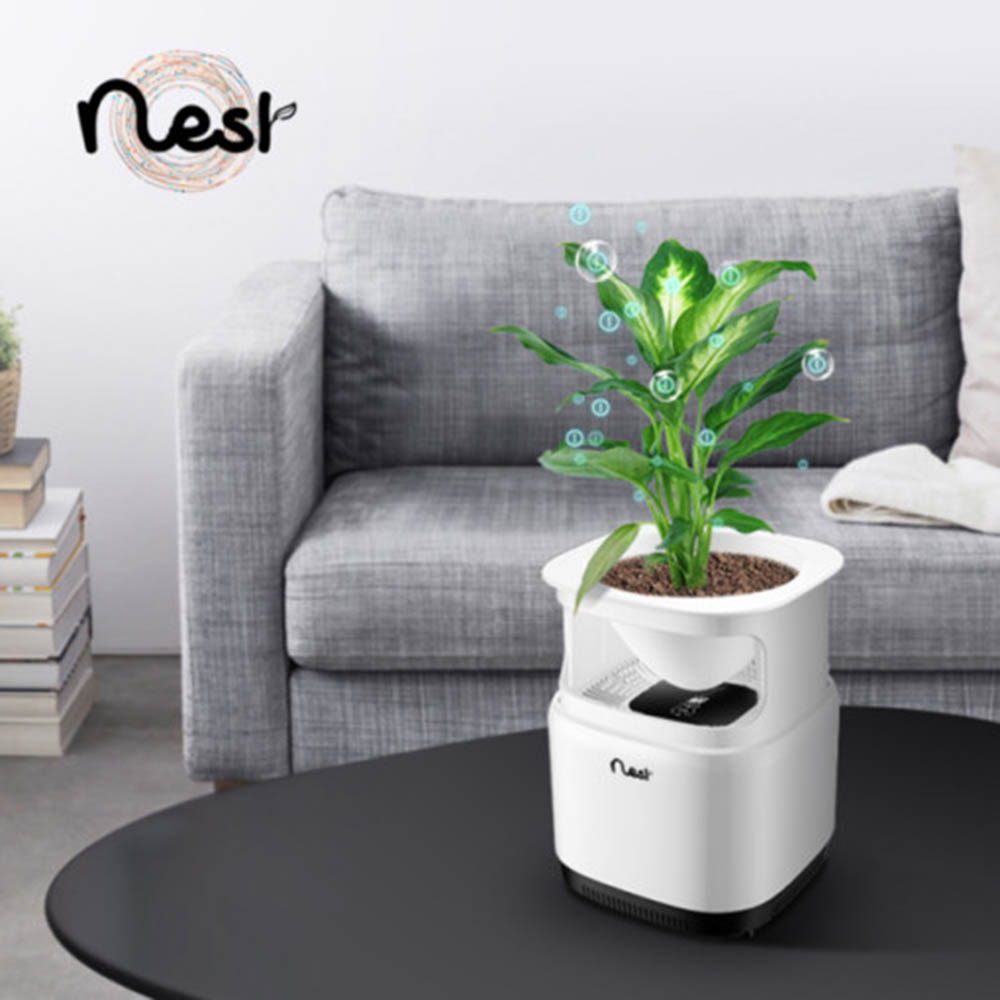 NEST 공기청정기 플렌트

...

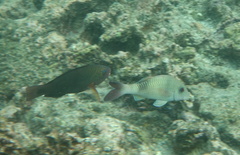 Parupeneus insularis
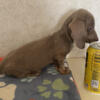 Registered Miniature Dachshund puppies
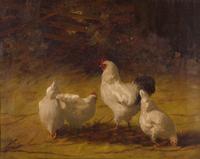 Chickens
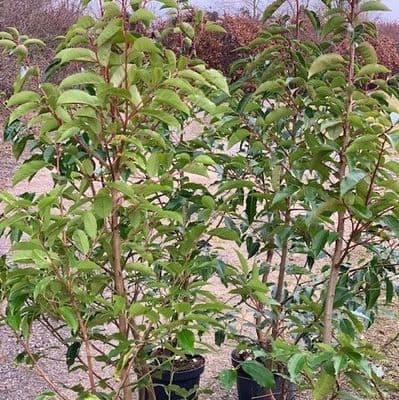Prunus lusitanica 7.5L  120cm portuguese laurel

Task item —
Give again the stretch of lines above from the one with "Parupeneus insularis" through the one with "Prunus lusitanica 7.5L", both ends kept, and copy no pictures.

Your solution —
 Parupeneus insularis
 Registered Miniature Dachshund puppies
 Chickens
Prunus lusitanica 7.5L  120cm portuguese laurel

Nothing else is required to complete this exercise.